La profesora pidió un voluntario y después de unos minutos de silencio, ahí, parada en el medio del salón, me encontraba yo. Siempre tengo el impulso y la valentía de ser de los primeros en inmolarse, pero una vez que estoy ahí, muero de miedo y quedo paralizada. Era un salón vacío, con paredes de color blanco. Tenía una ventana de madera con unas vallas de fierro antiguo negras, que daban la impresión de que una vez dentro, no habría marcha atrás. La falta de sillas nos obligó a sentarnos en el suelo a lo largo del salón.

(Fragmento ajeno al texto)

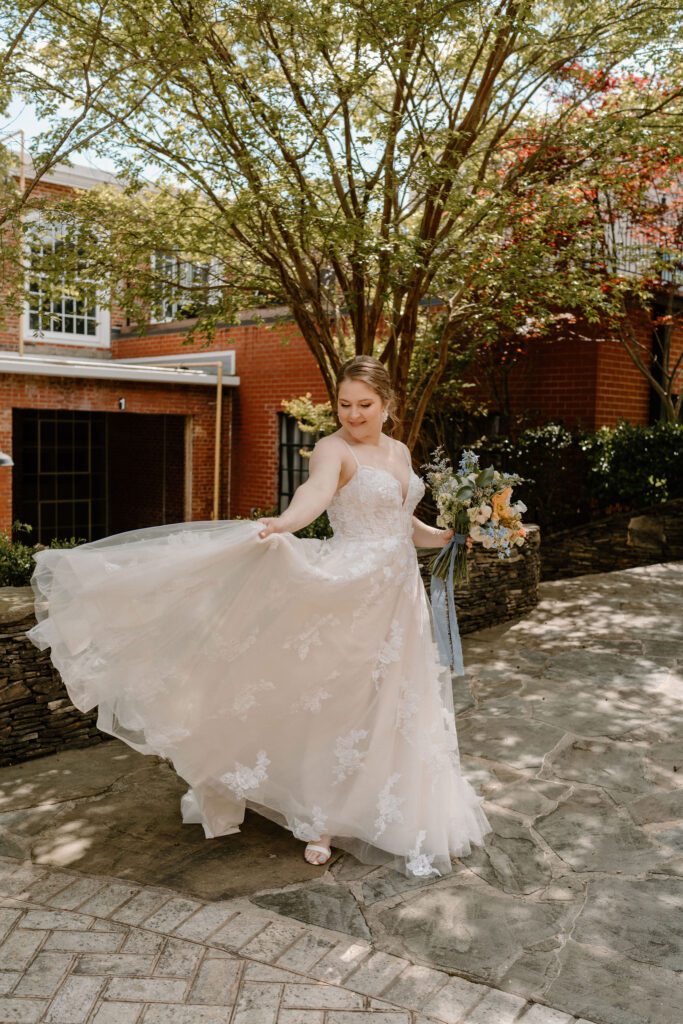 Bridal portraits from spring wedding at Revolution Mills captured by Kayli Lafon - North Carolina wedding photographer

“Cuando nacemos emitimos un llanto a todo volumen, anunciando nuestro estreno a la vida”. “Sé que tu voz está ahí”. “Ahora canta”, repitió ella
Las palabras empezaron a salir tímidamente y la voz me temblaba, todo mi cuerpo temblaba. Ella se paró al frente y me miraba con unos ojos negros penetrantes. Repetía la letra de la canción que yo estaba cantando moviendo la boca exageradamente, recordándome que tenía que vocalizar. Conforme la canción avanzaba, un llanto incontrolable se apoderó de mí. Ella me decía con voz firme, “sigue cantando” y volvió a poner su mano en mi pecho. Empecé a sentir un calor que me aliviaba.
Los otros alumnos a mi alrededor, sentados en el suelo, habían encogido y abrazado sus piernas agachando la cabeza, mirando esta escena aterrados, pensando que en algún momento serían ellos los que se encuentren parados ahí.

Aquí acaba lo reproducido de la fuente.